With Amazon’s continued growth in California since 2012, with over 18,000 full-time fulfillment center associates – and a new fulfillment center in Sacramento about to launch – this Career Choice program provides a lens for understanding who the company is as an employer and community partner.

The Career Choice program works like this: after 1 continuous year of service at Amazon, every hourly associate is eligible for up to $12,000 – $3,000 per year for four years – to apply to college-level courses leading to careers in in-demand jobs fields.

Many companies offer tuition assistance benefits, but this program is a bit peculiar. First, it is exclusively for the hourly workforce, not white collar workers. Second, the $3,000 per year is pre-paid directly to the educational institution; no associate has to reach into their pocket then wait for reimbursement (which can be a significant inhibitor). But most significantly, Amazon “does the homework in advance” to help guide associates to qualifications in those career paths most in demand. Think: nursing, IT specialist, commercial driver, solar panel installer. We use Bureau of Labor Statistics data, along with local labor market studies, to help determine precisely the most sought-out roles in a given community, then pay for courses of study exclusively in those fields.

So far, over 12,000 Amazonians have taken advantage of Career Choice in ten countries. And we’ve set a goal to reach 20,000 in the near-term.

Of course, it begs the question: is Amazon really paying for training that will help its employees leave the company?
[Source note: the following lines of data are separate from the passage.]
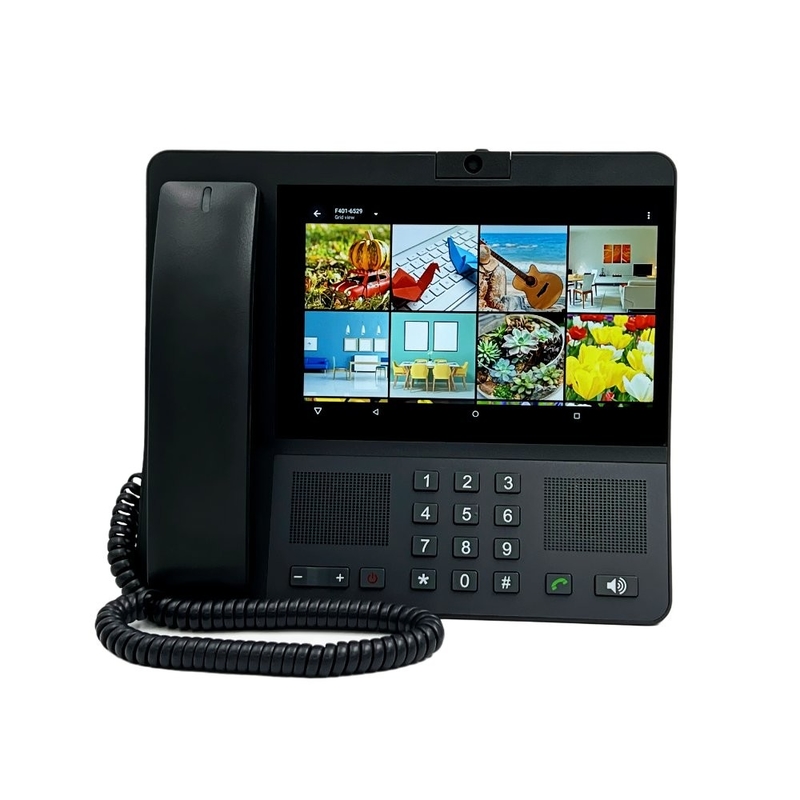 8 Inch Android Desktop Fixed Wireless Telephone 13MP Camera Video Call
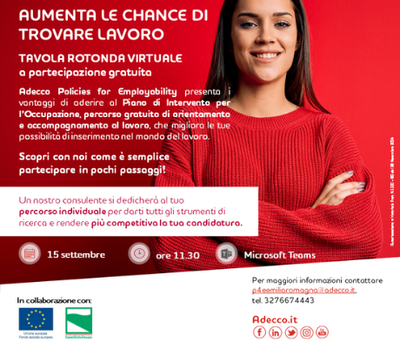 Aumenta le chance di trovare lavoro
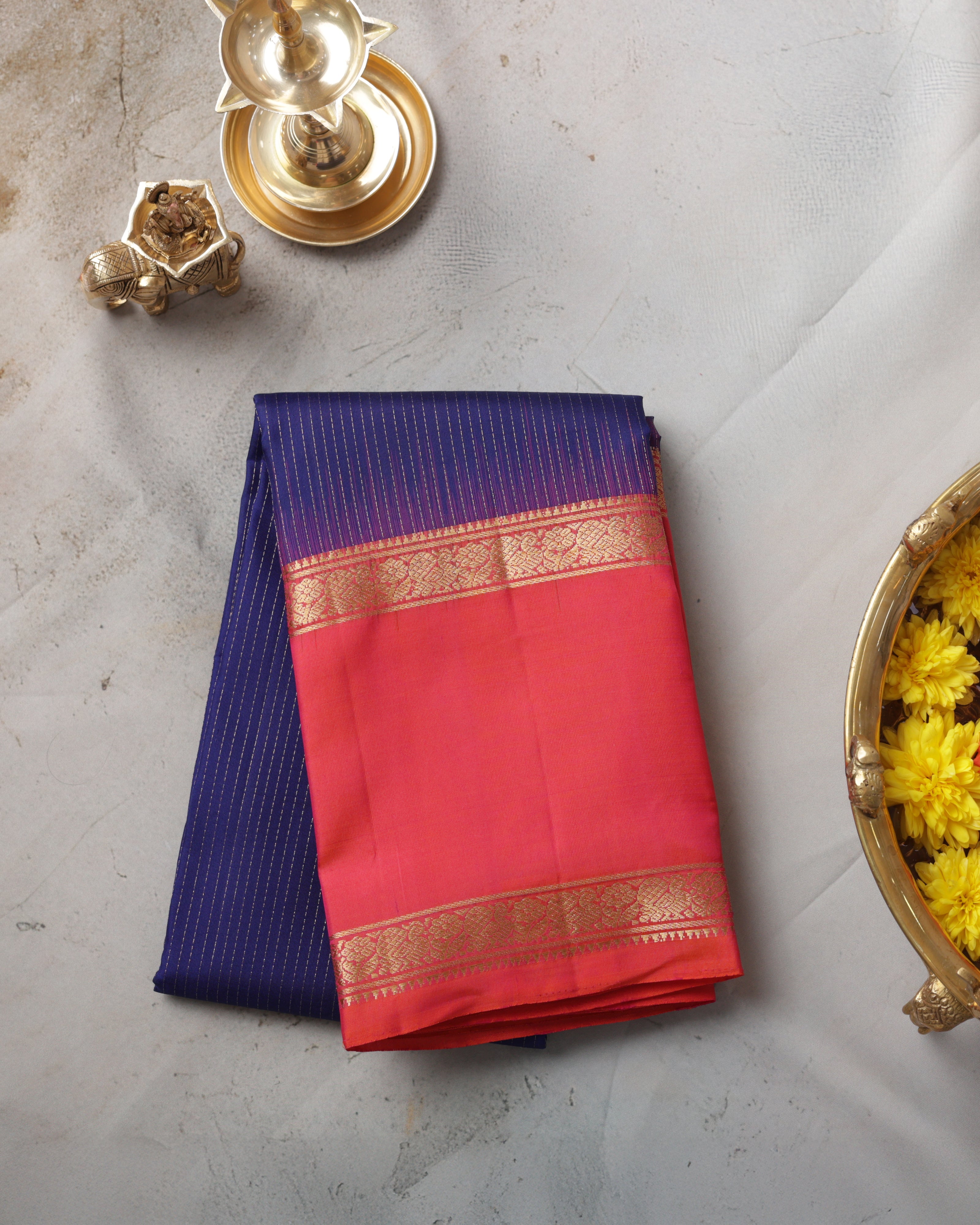 Kanchipuram Pure Silk Saree
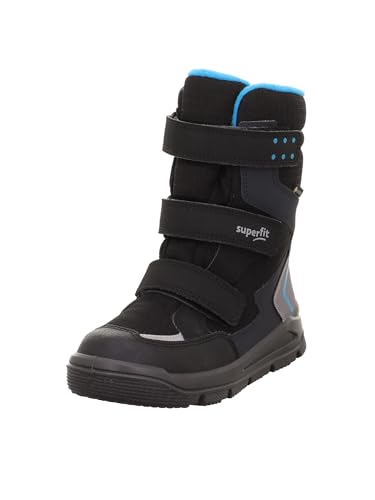 Superfit Männlich MARS Schwarz/Türkis 0010 von Superfit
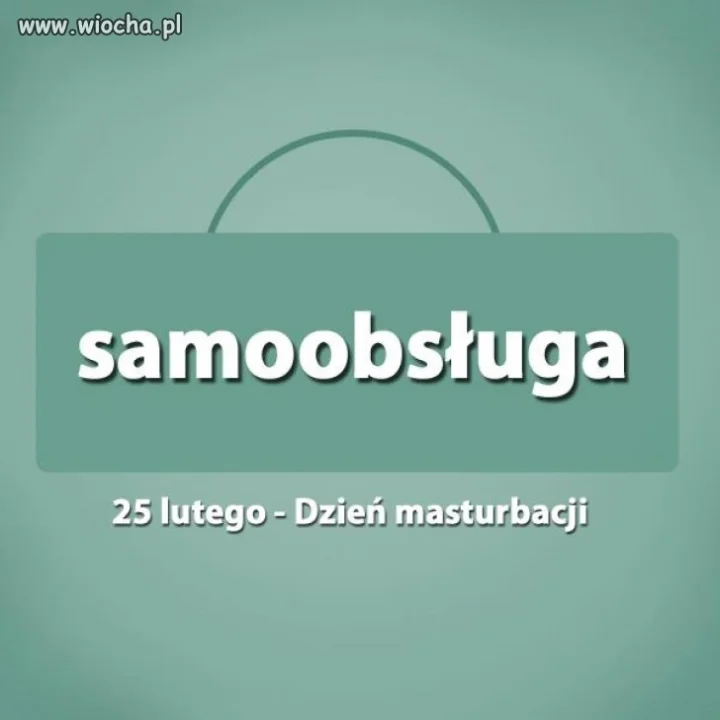 Więc świętujmy dzisiejsze święto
The answer is yes. We recognize that many people will spend a career with Amazon, and we welcome that. But we’re realistic that, for many, Amazon may be just one stop along the path toward their personal and professional goals.

Take a look at a recent Careerbuilder survey, which found that 45 percent of employees plan to stay with their employer for less than two years. By the age of 35, 25 percent of current workers have held five jobs or more. This phenomenon is often associated with the millennial generation – and with good reason: 36 percent of millennials reported that they intended to look for a new employer within the next 12 months (compared to 21 percent for non-millennials).

Companies ought to embrace this new reality, and make employees’ time with them rewarding by opening up opportunities for advancement – even if that means advancement outside of the company.

We think it’s the right thing to do. But helping to upskill employees makes good business sense as well. It can help recruit better talent, drive engagement, and reduce attrition.

We believe in Career Choice so whole-heartedly in fact that we are willing to share what we’ve learned and offer our help to any company interested in setting up something similar for their employees, at no cost. Why? Because we know that if more companies join us in this initiative, it can have a profound effect on not just individuals’ lives, but on the broader economy.

Californians ought to seek out employers who offer opportunities to gain new skills; and if you think some variation of this approach can help your company, Amazon wants to partner with you.